After posting this on Facebook, many readers argue that the state ferry system has been more accurately counting customers heading to Bremerton. It’s no secret that many of us have returned to Bremerton over the years only to find the ticket booth attendant had registered our car to the Bainbridge route.

I thought not only about the northern commute but the southern one as well, in which many ferry over to Seattle and then drive back around via the Tacoma Narrows Bridge. But I can’t see how that is changing ridership, especially with so much of the Seattle waterfront torn up and under construction right now.

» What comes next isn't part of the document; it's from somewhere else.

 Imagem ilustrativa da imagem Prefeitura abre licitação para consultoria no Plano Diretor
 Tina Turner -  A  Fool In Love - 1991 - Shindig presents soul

I’d encourage you to check out the numbers for yourself and weigh in on my hypotheses. And feel free to add some of your own.

14 thoughts on “Why is Bremerton ferry ridership swelling?

  1. It costs more to live and work in Seattle, just as it cost more to live in Seattle and work in Bremerton. More of the folks in the former category are catching on.

  2. These statistics are bogus. Is this just auto traffic? If not, how do they count the trips by walk-on passengers embarking to Seattle from Bremerton? The guy at the door clicking his counter for a head count? Hardly a reliable statistic.

    Using the Seahawks as a barometer is bogus, as well. In the fourth quarter, you could state they increase the numbers. But for the past two years, they have added 2 games in the first quarter each year. That’s 2 days. Even on a Sunday, the increased ridership for two days would hardly account for the spike noted.

    Mariners attendance hasn’t drastically changed. Another bogus theory.

    To put it simply, there are just more people riding it, and nobody can accurately state why. To do so, a very thorough polling of riders would need to take place over a period of time.

    Break down the numbers. Hours and days of ridership. I’m sure WSF could do that. It would really show when the ridership increased, and that show more trends rather than simply using a 3-month block of ridership numbers.

    1. Hi Chuck,

      I’d encourage you to take a look at the stats at the state ferries’ web site (links above). I’d agree with you that it’s difficult, if not impossible, to say why. But I’d put the most stock in the economy, as there’s a clear dip in ridership during the recession that’s now gone, and anecdotally, I’ve talked to a number of new commuters who live here and work in Seattle.

      As far as cars versus pedestrians, WSF does indeed break that down. And while you and I may question the accuracy of those clickers, that’s just the way they do it. We’ve got no other source of data.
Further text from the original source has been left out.